For international food, An Bang punches above its weight when it comes to variety of cafes and restaurants. For a beach community this small, you will not find a greater selection to choose from in Vietnam. Restaurants include pizzerias, burger joints, Mexican, French, and fusion dining.
Beachside lounges and bars, cafe roasteries, craft beer bars, sports bars, and street side cocktail bars serve as the local entertainment. It’s not a party town though, so the bars are not rowdy.

Where to Stay
An Bang features a variety of short-term accommodations, ranging from home stays and guesthouses, to beachside villas with swimming pools. There are no brand hotels here, which also helps to keep the cozy village vibe intact.

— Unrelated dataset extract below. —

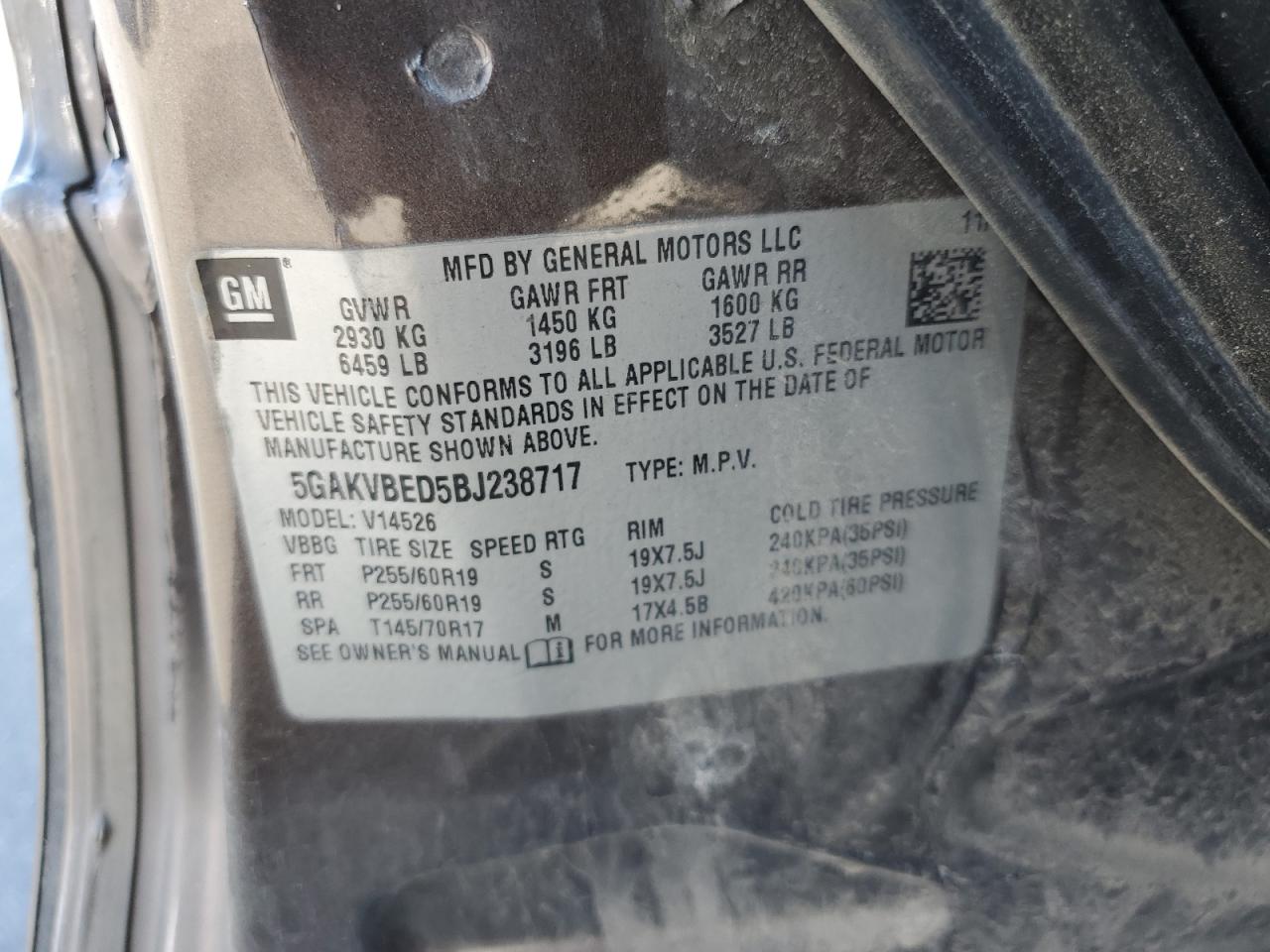 2011 Buick Enclave VIN 5GAKVBED5BJ238717 Copart auction photo, side damage thumbnail 13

The easiest way to find long term accommodations is to check the local Facebook groups. A search for “expats in An Bang” or “living in An Bang” will yield a scroll of specific groups. You could also search for “expats in Hoi An” if you want to widen your search area. These expat groups include locals renting out their property, all at prices in line with the local rates. You can look, but I’m willing to be you won’t find a better deal on sites like Airbnb. (By the way, this accommodation hack applies to most destinations in Southeast Asia).
I recommend joining the groups before you arrive, then review the accommodation postings to get a feel for what the going rate is for rental types. Contacting the posters to ask if they have anything you are looking for is easy.
Weather Permitting
Because Vietnam is a geographically long country, there are distinctly different weather patterns between Northern, Central, and Southern Vietnam. Hoi An, in Central Vietnam, has its dry season from around February to August. In contrast, the dry season for Ho Chi Minh City in Southern Vietnam is from November to April. If you are nomadic and prefer to chase the dry season, then the seasonal difference between Southern and Central Vietnam makes it possible to extend your dry season year.
It’s important to note that the weather in Central Vietnam gets cold (by Vietnam’s standards) in the middle of the rainy season months. It doesn’t get as cold as in Hanoi, but you will want to wear jeans and a long sleeve top. Another key difference during the rainy season is that it rains longer in the day, while in Southern Vietnam, a typical rainy season day is to rain for an hour in the afternoon.
In Ho Chi Minh City it’s shorts weather all year round (they say the seasons there are dry and hot, and wet and hot), so some people prefer the more distinct change in seasons of Central Vietnam.
Getting Around
An Bang is very walkable by Vietnam standards. If you are staying in the town then you can walk or bike everywhere.
Hoi An’s old town can be reached by car or motorbike taxi, or it’s a pleasant cycle on a flat road through rice fields.

The nearest airport is Danang International Airport, a 45 minute drive from An Bang. The third-busiest airport in Vietnam, it has become a regional hub over the years. For travel to and from North America it’s easiest to first fly to the major East Asia hubs in Korea, Japan, and Taiwan.
The main train station of the North-South Railway is also in Danang (there is no train to Hoi An).
For me, what sets An Bang apart from other beach villages I’ve visited around the world is that it’s not far from big city amenities. Isolated beach villages may seem idyllic, but it’s reassuring to have access to hospitals and international airports should the need arise.
Small town living isn’t for everyone, and most people prefer the big city lifestyle in Da Nang. But if you prefer small town life, then An Bang Beach is worth a look.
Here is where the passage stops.